The Case Act of 1972 recognizes executive agreements and requires their transmission to Congress. In honoring its spirit, the Administration gives regular briefings to Senators and Representatives. So why pretend the letter of the law will not be followed, or suggest a new one is needed?^^
"The show must go on" is not the nation's motto, although some in public life have not gotten the memo. The opposition ignores the fact that the Secretary of State has been guided by a diplomatic version of the unit rule: "Nothing is settled until everything is settled." But the conduct of Cotton and McCain is particularly disturbing. One expects more from men who have been "America's Ambassadors in green." Yet those two, who question the President, show little inclination to reflection themselves.

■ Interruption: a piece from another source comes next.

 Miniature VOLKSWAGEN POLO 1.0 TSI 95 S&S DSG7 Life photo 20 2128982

Instead, they bring to mind a warning not "to be deceived by those brilliant appearances of genius and patriotism, which, like transient meteors, sometimes mislead as well as dazzle." (John Jay, The Federalist Papers, No. 64)
The Framers did not want "to relinquish the benefits of the constitutional agency of the President in the conduct of foreign negotiations," and all of today's tumult is a reminder as to why.

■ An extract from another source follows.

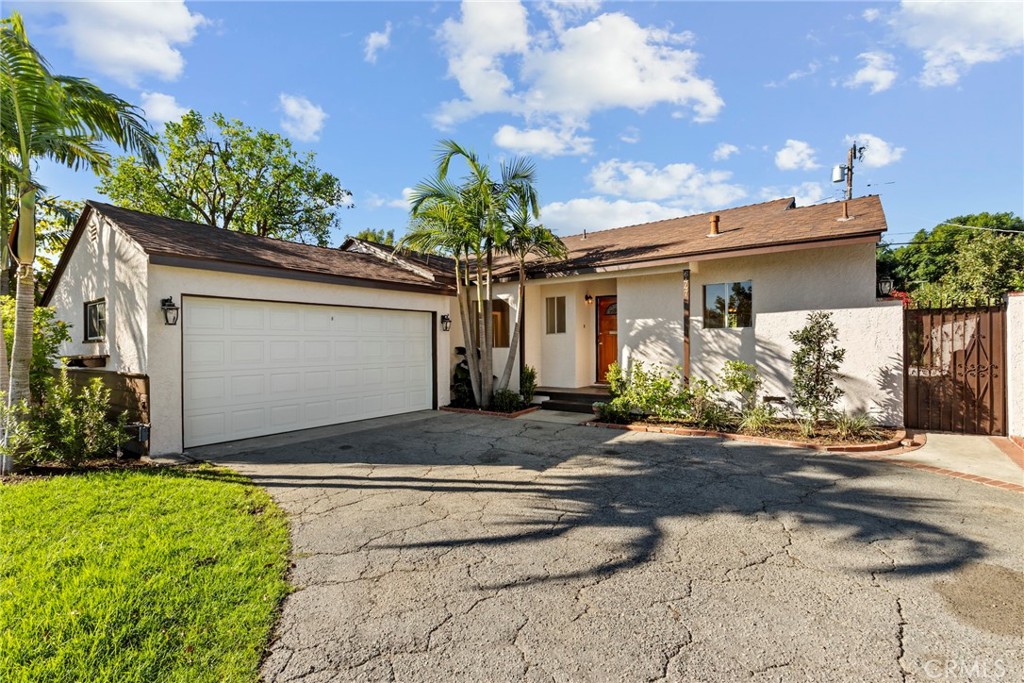 MLS #SR25268423 image #23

"It is true that the Senate would, in that case, have the option of employing him in this capacity, but they would also have the option of letting it alone, and pique or cabal might induce the latter rather than the former. Besides this, the ministerial servant of the Senate could not be expected to enjoy the confidence and respect of foreign powers in the same degree with the constitutional representatives of the nation, and, of course, would not be able to act with an equal degree of weight or efficacy." (Alexander Hamilton, The Federalist Papers, No. 75)
Despite all the sound and fury on Capitol Hill, there are words that still matter.
"So often and so essentially have we heretofore suffered from the want of secrecy and despatch, that the Constitution would have been inexcusably defective, if no attention had been paid to those objects. Those matters which in negotiations usually require the most secrecy and the most despatch, are those preparatory and auxiliary measures which are not otherwise important in a national view, than as they tend to facilitate the attainment of the objects of the negotiation. For these, the President will find no difficulty to provide...." (John Jay, The Federalist Papers, No. 64; emphasis added)
©2015 Marvin D. Jones. All rights reserved.
*Imagine—a President acting on immigration on his own authority. Maybe those who take the oath should read the fine print.
The legal article below, unintentionally, verifies the comment made on the misuse of the word ratification.
Jay's remarks regarding a treaty also apply to an executive agreement, as shown by the Court's rulings in B. Altman & Co. v. United States (1912), United States v. Curtiss-Wright (1936), United States v. Belmont (1937), and United States v. Pink (1942).
The President signed the Iran Nuclear Review bill—without ceremony at the White House. For the Hokey Pokey Act of 2015 has all the significance of its namesake. After "you shake it all about…and you turn yourself around…" you are standing where you started. "That’s what it's all about."